I slide off the bed and stumble to the kitchen. The windows and the door to the patio are wide open. On the dining-room table is my handbag, wallet, and a brown paper bag. I open it and fish out a tin foil takeaway tray. I gingerly lift the top to inspect its contents. Crab pasta, my favourite. I don’t remember ordering it. I walk to the fridge and take out a bottle of water. I down all 500 millilitres. The cold liquid burns down my throat and fills my stomach. The pounding in my head immediately calms. I walk over to the back door and close it. The key is still hanging in the door. I close the windows and curtains, and head back to the dining-room table. I spot my rings and earrings — well, at least I didn’t lose them.
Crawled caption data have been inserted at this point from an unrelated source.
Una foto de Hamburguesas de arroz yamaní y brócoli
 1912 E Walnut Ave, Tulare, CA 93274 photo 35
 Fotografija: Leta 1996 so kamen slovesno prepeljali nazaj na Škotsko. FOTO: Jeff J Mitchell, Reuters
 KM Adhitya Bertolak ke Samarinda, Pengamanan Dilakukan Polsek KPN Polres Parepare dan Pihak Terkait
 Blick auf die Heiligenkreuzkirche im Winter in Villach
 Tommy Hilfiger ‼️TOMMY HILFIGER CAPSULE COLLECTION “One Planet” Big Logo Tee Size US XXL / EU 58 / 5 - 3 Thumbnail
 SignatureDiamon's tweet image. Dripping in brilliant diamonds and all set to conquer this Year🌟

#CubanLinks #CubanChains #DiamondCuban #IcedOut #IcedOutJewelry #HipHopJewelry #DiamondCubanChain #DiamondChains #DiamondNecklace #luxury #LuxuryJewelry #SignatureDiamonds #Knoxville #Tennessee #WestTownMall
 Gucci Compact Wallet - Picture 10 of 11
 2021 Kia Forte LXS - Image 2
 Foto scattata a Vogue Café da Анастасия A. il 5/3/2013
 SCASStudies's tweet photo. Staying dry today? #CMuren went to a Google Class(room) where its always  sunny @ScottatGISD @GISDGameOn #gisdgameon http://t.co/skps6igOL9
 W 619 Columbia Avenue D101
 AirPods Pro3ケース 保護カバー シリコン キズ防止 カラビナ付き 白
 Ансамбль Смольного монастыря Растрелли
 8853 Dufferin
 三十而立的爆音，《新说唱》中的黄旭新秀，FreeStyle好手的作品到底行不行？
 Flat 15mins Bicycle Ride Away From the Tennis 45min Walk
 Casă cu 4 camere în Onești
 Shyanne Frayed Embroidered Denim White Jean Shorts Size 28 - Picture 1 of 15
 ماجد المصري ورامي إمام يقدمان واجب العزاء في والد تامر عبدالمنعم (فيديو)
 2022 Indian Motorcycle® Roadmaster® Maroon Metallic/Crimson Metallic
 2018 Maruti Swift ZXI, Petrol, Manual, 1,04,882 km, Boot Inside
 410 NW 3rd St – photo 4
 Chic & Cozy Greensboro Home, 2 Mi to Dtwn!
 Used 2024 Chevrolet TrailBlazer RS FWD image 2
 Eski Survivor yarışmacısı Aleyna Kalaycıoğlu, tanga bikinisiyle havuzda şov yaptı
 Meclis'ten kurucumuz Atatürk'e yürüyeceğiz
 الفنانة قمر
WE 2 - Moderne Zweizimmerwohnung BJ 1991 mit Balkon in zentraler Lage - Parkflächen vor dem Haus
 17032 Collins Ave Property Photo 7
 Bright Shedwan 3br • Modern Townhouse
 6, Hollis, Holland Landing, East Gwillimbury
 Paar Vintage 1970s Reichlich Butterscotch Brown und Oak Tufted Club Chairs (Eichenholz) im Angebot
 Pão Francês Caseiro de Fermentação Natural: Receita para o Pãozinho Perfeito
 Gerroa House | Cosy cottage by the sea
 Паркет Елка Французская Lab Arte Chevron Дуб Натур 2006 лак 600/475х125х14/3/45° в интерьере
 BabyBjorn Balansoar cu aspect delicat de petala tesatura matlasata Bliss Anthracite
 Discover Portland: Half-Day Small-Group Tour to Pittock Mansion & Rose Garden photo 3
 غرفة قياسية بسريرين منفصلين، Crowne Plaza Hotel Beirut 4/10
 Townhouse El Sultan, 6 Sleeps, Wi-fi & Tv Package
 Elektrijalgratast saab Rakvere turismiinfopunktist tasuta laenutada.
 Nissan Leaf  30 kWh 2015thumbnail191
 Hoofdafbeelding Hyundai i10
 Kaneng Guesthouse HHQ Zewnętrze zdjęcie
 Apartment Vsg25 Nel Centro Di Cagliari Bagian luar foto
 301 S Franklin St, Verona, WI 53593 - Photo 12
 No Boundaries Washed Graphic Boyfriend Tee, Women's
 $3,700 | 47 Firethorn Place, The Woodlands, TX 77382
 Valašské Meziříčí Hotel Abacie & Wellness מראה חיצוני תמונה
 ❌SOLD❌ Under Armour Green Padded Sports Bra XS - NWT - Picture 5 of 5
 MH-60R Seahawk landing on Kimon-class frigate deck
I pick up my handbag and a receipt falls out. I read the contents. I spent R4000 — on booze. In addition to the two bottles of champagne, there were several shots of Don Julio tequila. I don’t remember that either. How drunk was I? I remember the waitress pouring the second bottle, but after that my memory is blank. I have no recollection of ordering food, ordering my Uber. My trip home, walking through my front door. Making phone calls, nothing.
The only evidence of the day is a photo I took earlier in the day that I posted on Instagram. I look poised and sober. There are no signs that I was getting shitfaced.
Shame courses through me and my inner critic wakes from whatever nap it was taking.
“How the fuck could you drink so much? You are in treatment, for God’s sake — for cancer! How could you be so irresponsible?”
I close the curtains in the rest of the house and change into my pyjamas. I crawl into bed and lie there in the dark. It’s been a while since I went on a bender like this.
“Why can’t you just stop?” asks my inner critic. “You are out of control! This is why you need to go to AA.” I beat myself up until I eventually fall asleep.
I wake up the next day hungover and remorseful. I promise myself that I won’t drink again. I have shooting pains in my lower back, and imagine that it’s my kidneys giving in. I drink
lots of water and try to chant, I won’t drink again, over and over. By the end of the day, the pain has evaporated, but the self-loathing and regret haven’t. I hate myself for being so
The next time I see Dr D, I ask her about drinking. “Can I drink?”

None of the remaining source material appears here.